(Source material)

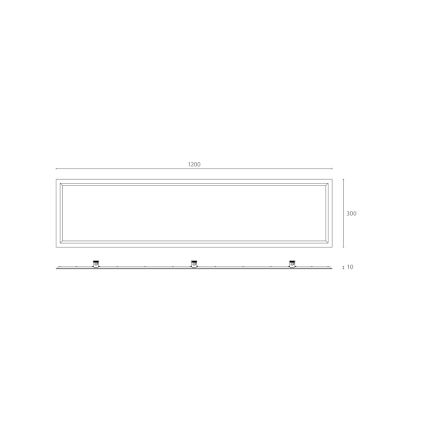 APLED - LED Bathroom recessed panel QUADRA LED/40W/230V 4000K IP41 120x30cm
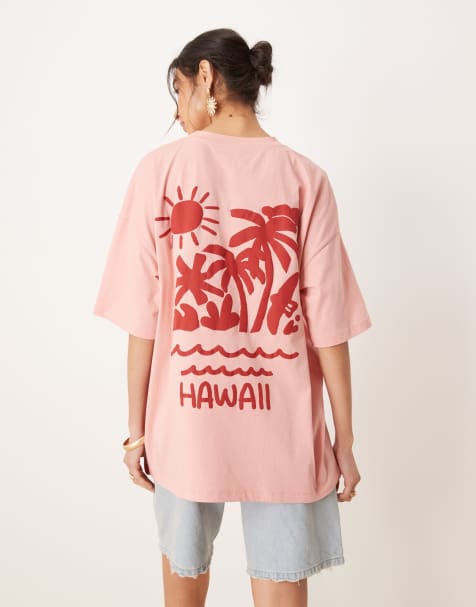 ASOS DESIGN - Støvet lyserød oversized T-shirt med hævet solprint - view 1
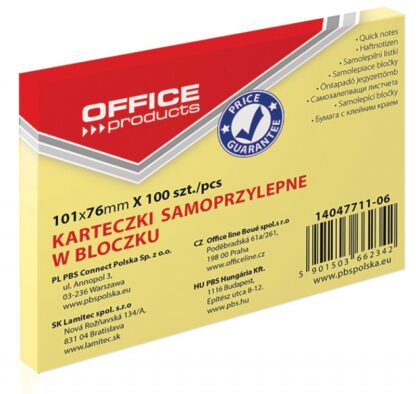 Selbstklebende Notizblöcke, OFFICE PRODUCTS, 101x76mm, 1x100 Blatt, Pastell, Hellgelb, 12 Stück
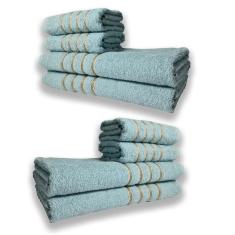 2 Jogos De 4 Toalhas 4 Banho 4 Rosto Dubai 100% Algodão Verde Claro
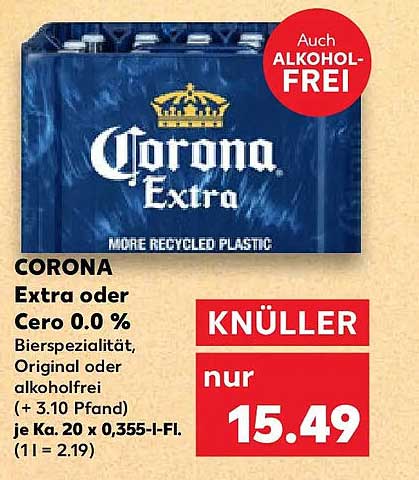 CORONA Extra oder Cero 0.0 % Bierspezialität, Original oder alkoholfrei (+ 3.10 Pfand) je Ka. 20 x 0,355-l-Fl. (1l = 2.19)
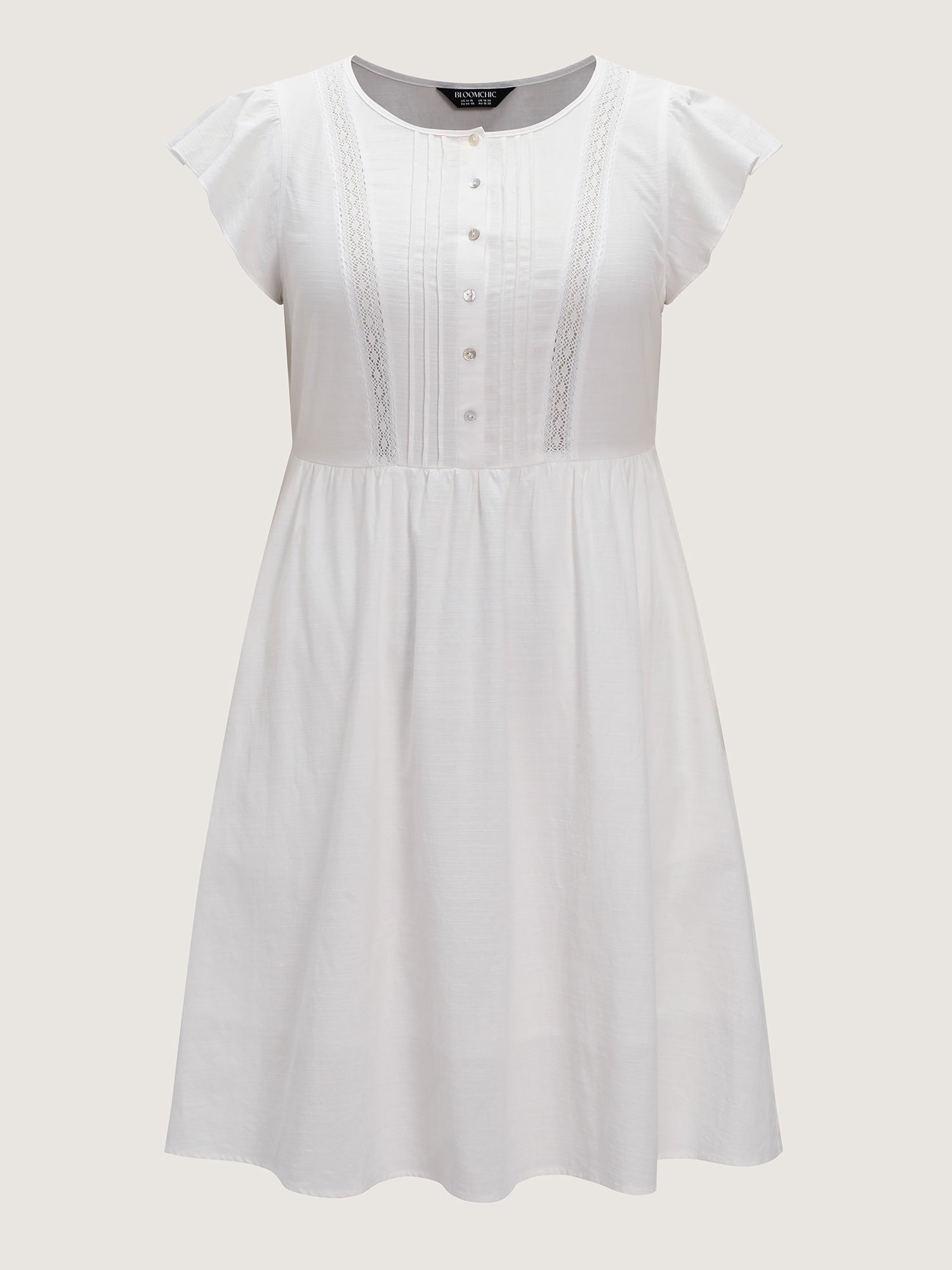 Cotton Lace Trim Pleated Plain Mini Dress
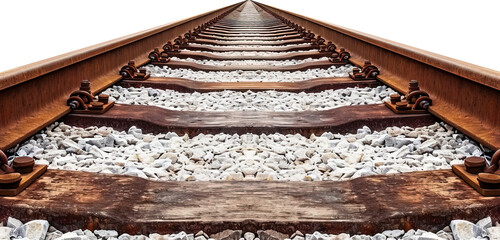 Railroad tracks isolated on transparent background. PNG
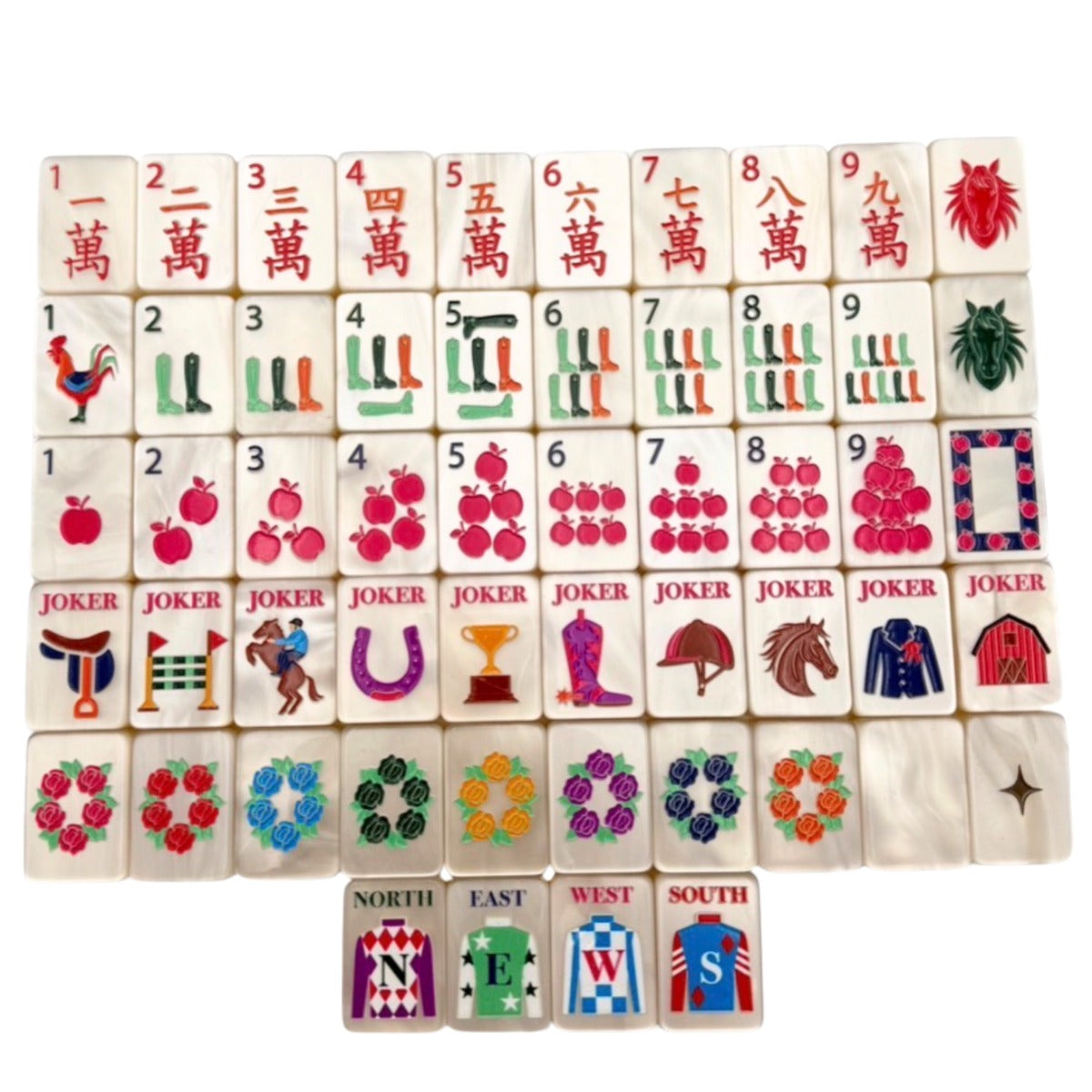 One of each Bespoke Mahjong Year of the Horse Pearl Cream tile: red-character craks, riding-boot bams, apple dots, equestrian jokers, rose-wreath flowers, and jockey-silk winds on cream pearl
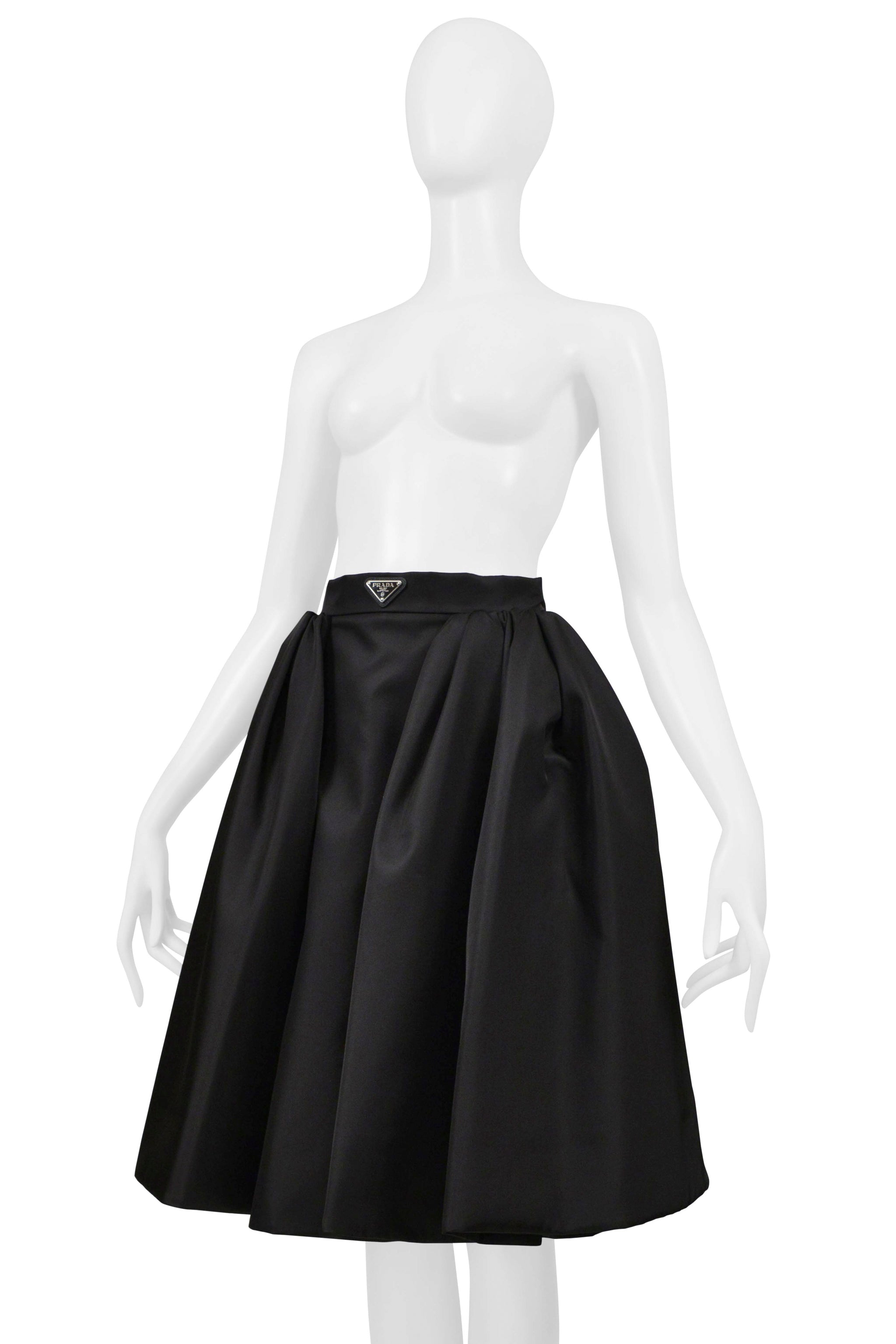PRADA BY RAF SIMONS RE-NYLON BLACK SKIRT WITH LOGO 2021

(End Source material)

Apart from the pictures, every line above must be printed exactly.

 APLED - LED Bathroom recessed panel QUADRA LED/40W/230V 4000K IP41 120x30cm
 ASOS DESIGN - Støvet lyserød oversized T-shirt med hævet solprint - view 1
 Selbstklebende Notizblöcke, OFFICE PRODUCTS, 101x76mm, 1x100 Blatt, Pastell, Hellgelb, 12 Stück
 2 Jogos De 4 Toalhas 4 Banho 4 Rosto Dubai 100% Algodão Verde Claro
 CORONA Extra oder Cero 0.0 % Bierspezialität, Original oder alkoholfrei (+ 3.10 Pfand) je Ka. 20 x 0,355-l-Fl. (1l = 2.19)
 Cotton Lace Trim Pleated Plain Mini Dress
 Railroad tracks isolated on transparent background. PNG
 One of each Bespoke Mahjong Year of the Horse Pearl Cream tile: red-character craks, riding-boot bams, apple dots, equestrian jokers, rose-wreath flowers, and jockey-silk winds on cream pearl
PRADA BY RAF SIMONS RE-NYLON BLACK SKIRT WITH LOGO 2021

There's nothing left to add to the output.